I also take care of most of the business, promotional, "everything else"
issues. I would say part of my job is being the coder's lackey, if my partner
needs php libraries installed, I'll ticket our server admin. If he needs a
feature tested and broken in 5 browsers, that'll be me. I suppose my job is to
help make it easier for him to put out code at a higher productivity rate.

A challenge I would say is not having anything to do while he hacks away,
which is a lot of the time for early startups. Can't really start promoting or
start new initiatives, but theres always something to do, its just a matter of
figuring out what.

------
randfish
I'm largely non-technical. Written maybe a total of 50 lines of PHP and
consider myself knowledgeable about but unable to personally execute 90%+ of
engineering/development work.

The challenge was primarily that I had an underperforming
technical/engineering team until we hired a professional, experienced VP of
Engineering last year (which has made a huge difference).
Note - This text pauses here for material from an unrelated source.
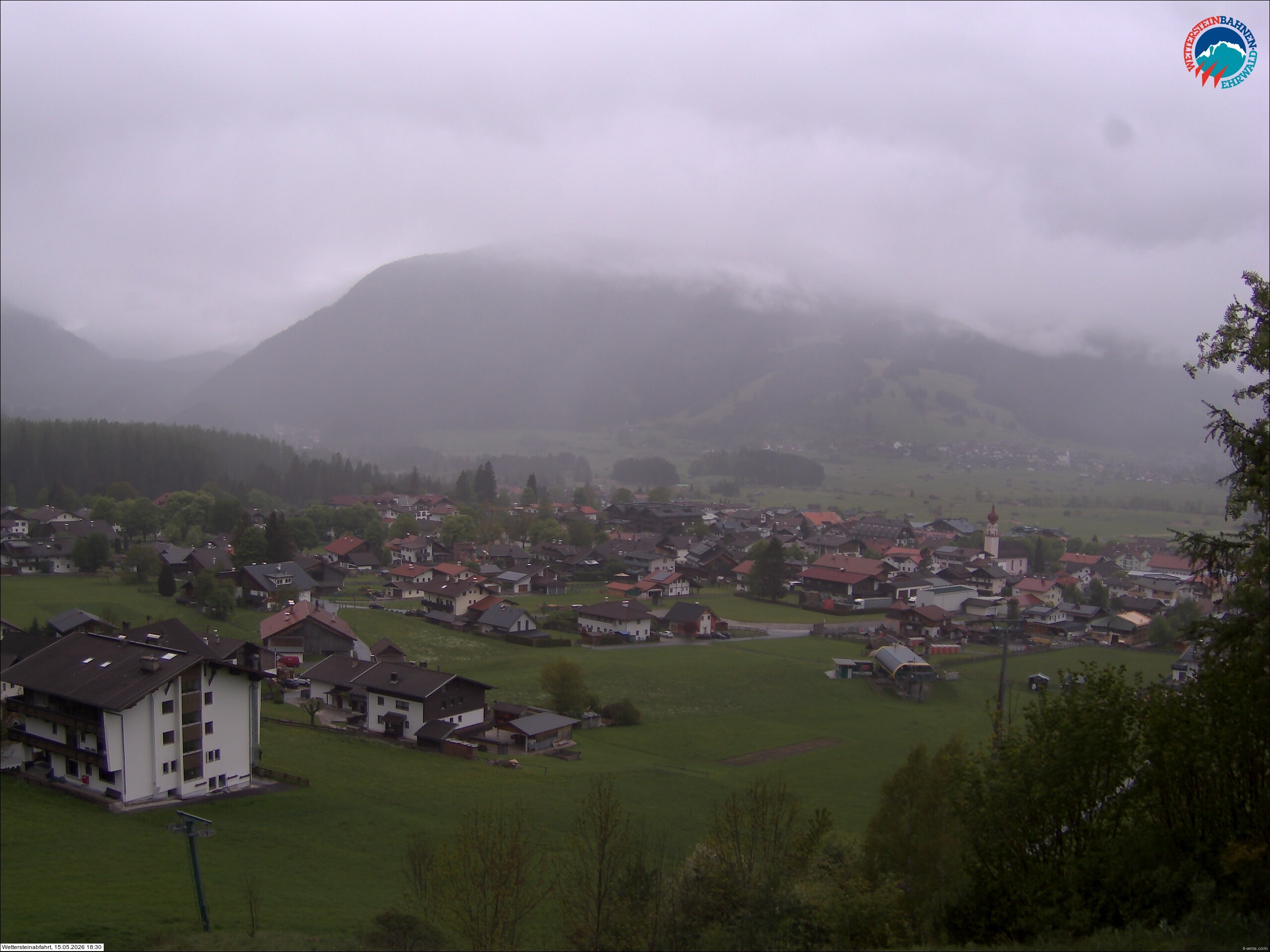 Archived image Webcam Sonnenhang chairlift Ehrwald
My advice - get a technical co-founder or early CTO/VP Eng that is immensely
technical and totally dedicated. Many on here have described the weakness of
having great code and great software with no marketing channel - the other
side is just as painful.

------
holaamigos
I was a management accountant prior to starting my company - as non-tech as
you could get.

I co-founded with an engineer, so it was always a clear cut - I did sales,
marketing, finance, he did engineering, we both did product.

No huge issues, I rely on engineering, but I now rely on sales and marketing,
and all the other functions.

I considered learning to code at the start, but really you need divide the
tasks and stick with what you are good at.

------
rue
Thought you meant founders with a non-tech product/service/field, which might
also be an interesting survey.

------
SaasDeveloper
There are plenty of successful non-technical founders but almost all of them
have a technical co-founder or partner. If you don't have one today, the
sooner you can find a good technical partner with a vested interest in your
company the better off you will be.

------
jeffepp
I'm a non technical founder and its a huge challenge. I think the biggest
issue was finding a programmer as dedicated as I was. The internet doesn't
close on weekends, if issues come up, we need to respond asap!
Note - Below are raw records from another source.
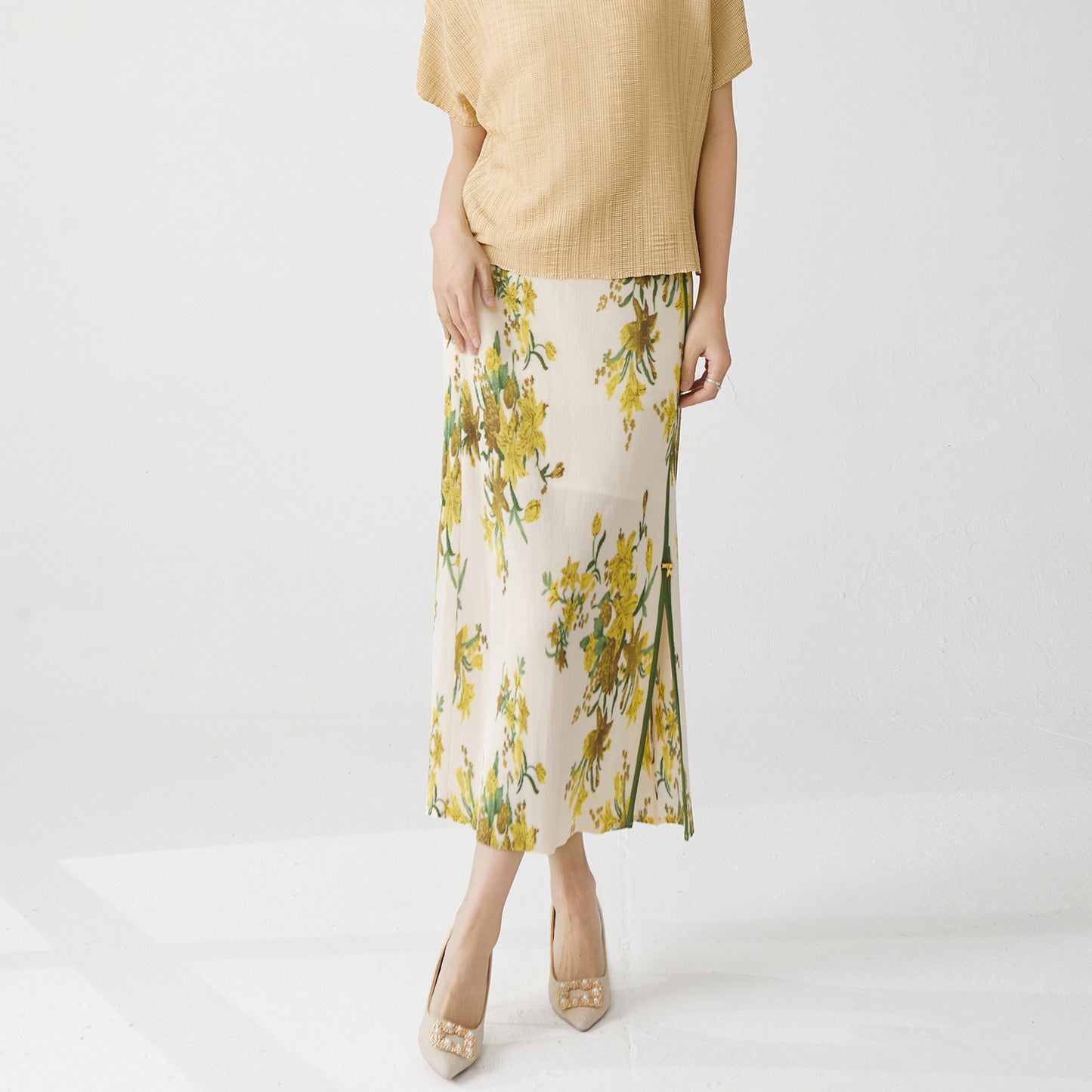 2025 National style retro skirt summer women's medium and long hot-selling printed split-ended temperament elegant high waist pleated hip skirt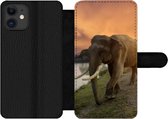 Bookcase Geschikt voor iPhone 11 telefoonhoesje - Olifant - Water - Dieren - Zonsondergang - Natuur - Met vakjes - Wallet case met magneetsluiting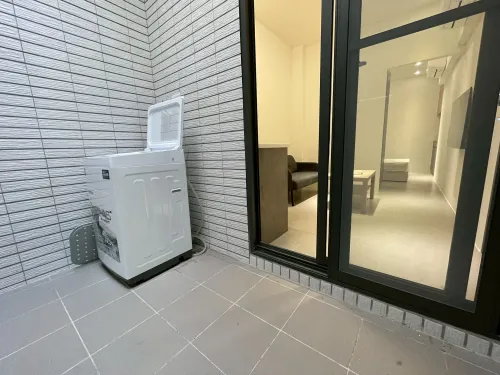 Room for rent NT$ 17 000 - Section 2, Wuquan W Rd - 1 room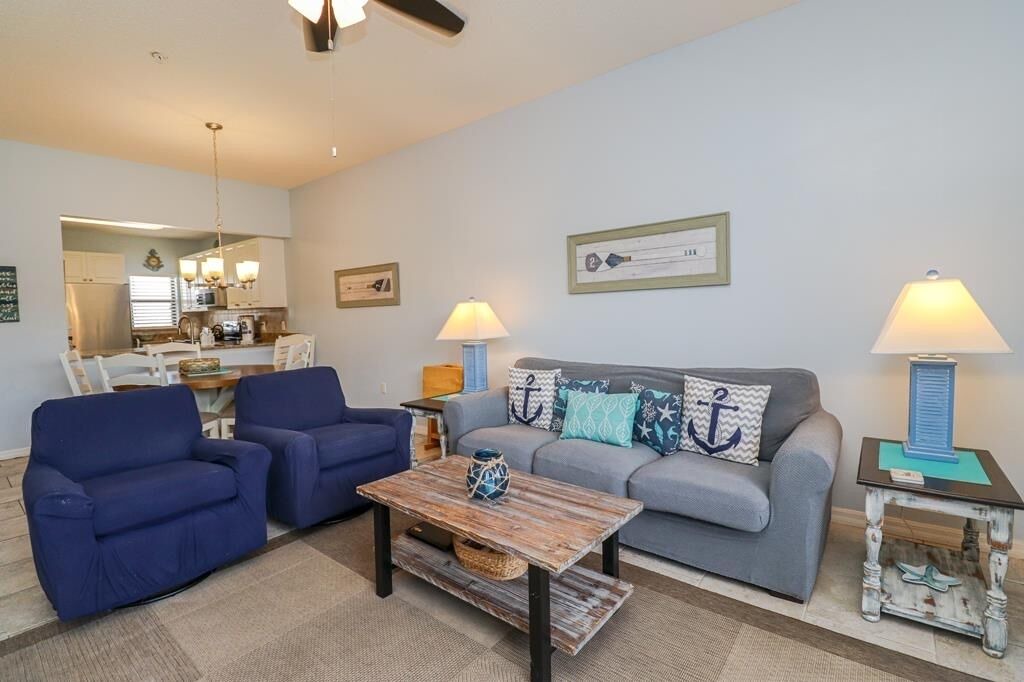 Photo of Livingroom in Butler Beach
For my latest startup, I teamed up with a programmer. It is super-tough to
have a software app without a technical co-founder.

------
lean_startup
I was computer science major in college, but now I can hack but not code. My
main role is product development, so a coding background is helpful. I know
enough to attract good tech talent -- which is critical. Good luck!

------
shawnhickman
I'm non technical, but I am a designer, so I can definitely hold my own. I am
finding it pretty difficult to find a technical cofounder.